Amazon Kuiper, l'internet par satellite du géant du e-commerce, vient de recevoir le feu vert de l'ARCEP, l'autorité française des télécoms. L'entreprise décroche des fréquences pour les dix prochaines années.

C'est désormais officiel : Amazon peut déployer sa constellation de satellites Kuiper en France. L'ARCEP, l'autorité de régulation des télécommunications, avait déjà tranché il y a quelques mois, en accordant les fréquences demandées pour dix ans. Mais elle a laissé le temps aux concurrents désignés de s'exprimer. Certains, comme Eutelsat et Viasat, étaient opposés à la décision du régulateur. Mais Amazon pourra bien s'ériger en alternative face à Starlink, et fournir des communications par satellite en France, pour le grand public notamment.

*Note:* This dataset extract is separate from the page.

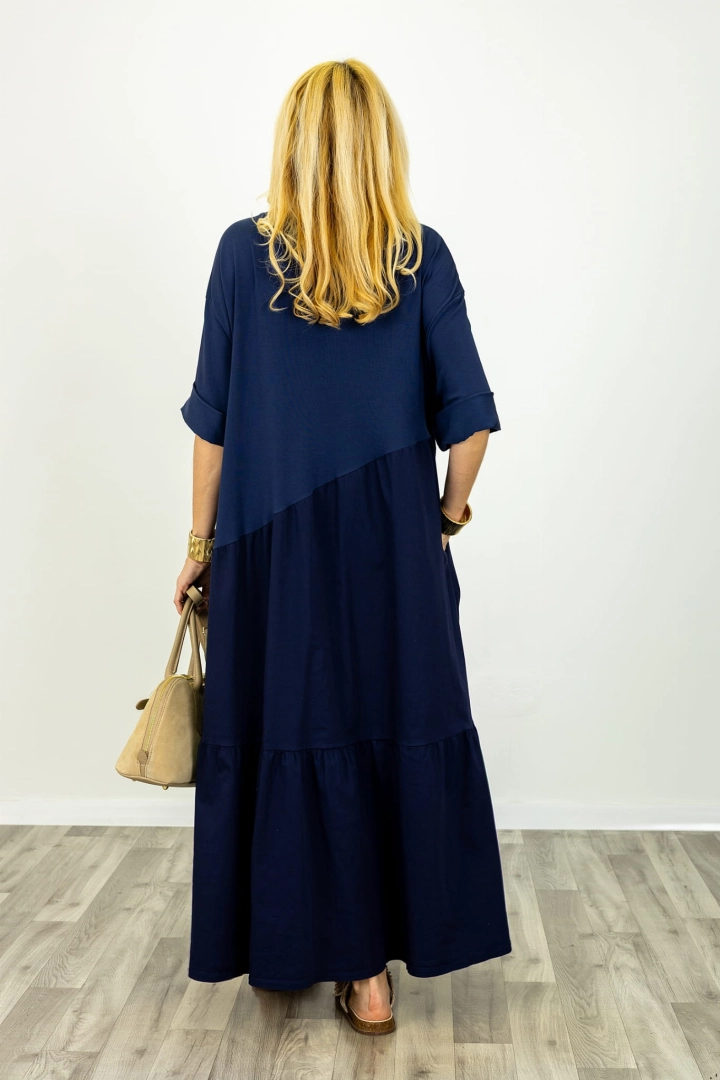 Asymetryczna sukienka maxi plus size Agerola granatowa z falbaną i kieszeniami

Amazon Kuiper divise l'industrie spatiale française et européenne
Amazon ne s'attendait peut-être pas à autant de résistance pour son projet de constellation Internet. Le géant américain voulait obtenir les fréquences nécessaires pour connecter les zones blanches françaises, grâce à sa constellation de plus de 3 000 satellites en orbite basse. Le projet ambitieux est porté par la société Amazon Kuiper Services Europe SARL, une filiale donc du mastodonte américain, qui divise le secteur spatial européen.

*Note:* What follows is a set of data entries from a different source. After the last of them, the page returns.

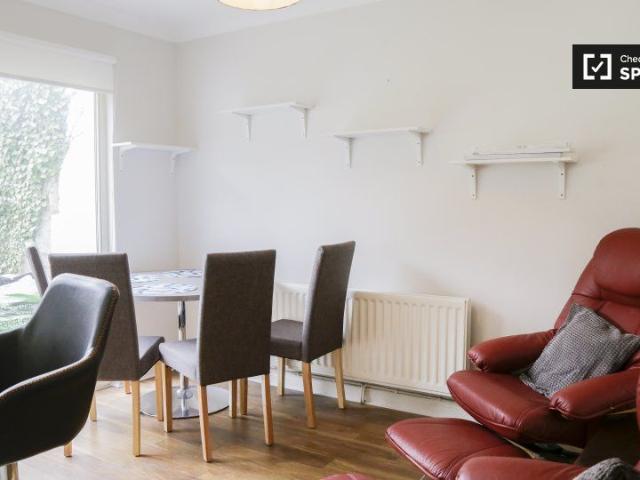 Bed for rent in 4 bedroom house, Stoneybatter, Dublin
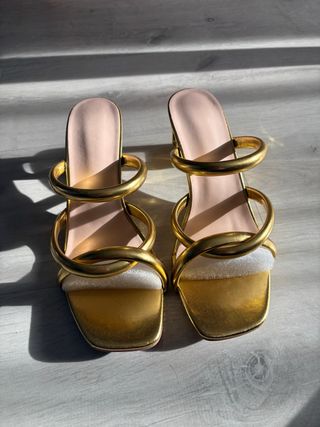 Sandalias doradas talla 39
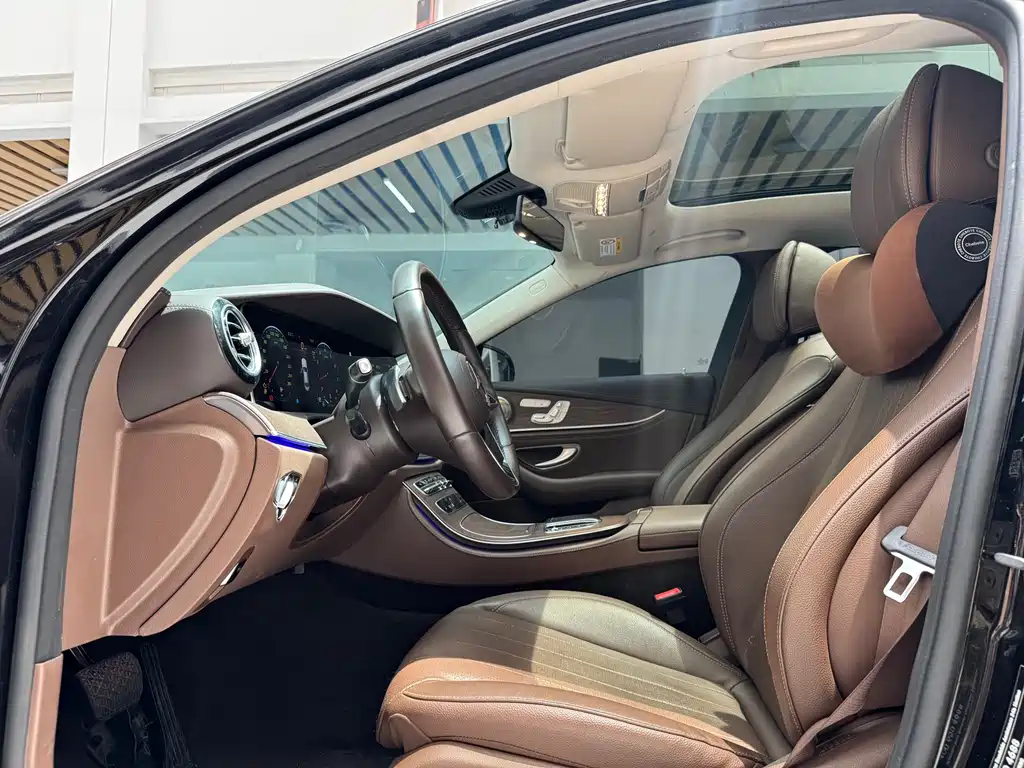 Mercedes-Benz E-Class 2023 — фото 10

Car derrière les promesses de connectivité universelle se cachent, vous vous en doutez, de gros enjeux économiques. Arianespace, qui a décroché 18 lancements avec Kuiper, défend naturellement son client. « Sur les 10,3 milliards d'euros investis dans le projet Kuiper, environ 2,6 milliards seront directement injectés dans le secteur spatial européen », plaide l'opérateur de lancement.
Chez Eutelsat et Viasat, le discours n'est évidemment pas le même. « Eutelsat Group n'a reçu aucune proposition de la société Amazon Kuiper pour protéger ses stations terriennes », dénonce le premier. L'opérateur français craint des interférences avec ses satellites géostationnaires déjà en service. Viasat va plus loin en présentant des calculs montrant que les limites d'interférences seraient dépassées à Lyon. Ce dernier regrette aussi l'absence d'analyse technique préalable par l'ARCEP.

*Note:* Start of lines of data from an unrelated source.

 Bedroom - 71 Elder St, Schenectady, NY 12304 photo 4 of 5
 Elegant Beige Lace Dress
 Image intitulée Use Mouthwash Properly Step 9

L'ARCEP autorise Amazon Kuiper, non sans surveillance
Certains diront que l'ARCEP aurait pu temporiser. Mais l'autorité française a préféré accorder les fréquences demandées pour dix ans, tout en posant ses conditions. Amazon devra « interrompre immédiatement toute activité liée à l'utilisation de ces fréquences si des brouillages étaient constatés », précise la décision.
Cette autorisation « sans garantie de non brouillage et avec une obligation de non-interférence » est vue comme un pari sur l'innovation. L'ARCEP mise sur les mécanismes de surveillance plutôt que sur l'excès de précaution, pour dynamiser ainsi la concurrence dans le secteur satellitaire français. L'objectif est d'offrir plus de choix aux consommateurs face à Starlink, déjà autorisé en France. Une approche qui pourrait profiter aux consommateurs, mais qui laisse certaines interrogations techniques en suspens. Reste à voir si la coexistence entre tous ces systèmes satellitaires se déroulera sans accrocs.
L'association AVICCA se dit, elle, favorable à cette « composante du mix technologique », mais rappelle néanmoins que « le raccordement à la fibre doit demeurer la norme » pour le pays. Elle s'interroge aussi sur « les enjeux de souveraineté et de cybersécurité » liés aux « opérateurs non-européens ». Un débat qui ne fait que commencer.
Pour les Français, ce feu vert signifie donc l'arrivée d'une alternative à Starlink, peut-être dès les prochains mois, avec la promesse d'une connectivité haut débit, même dans les zones les plus isolées.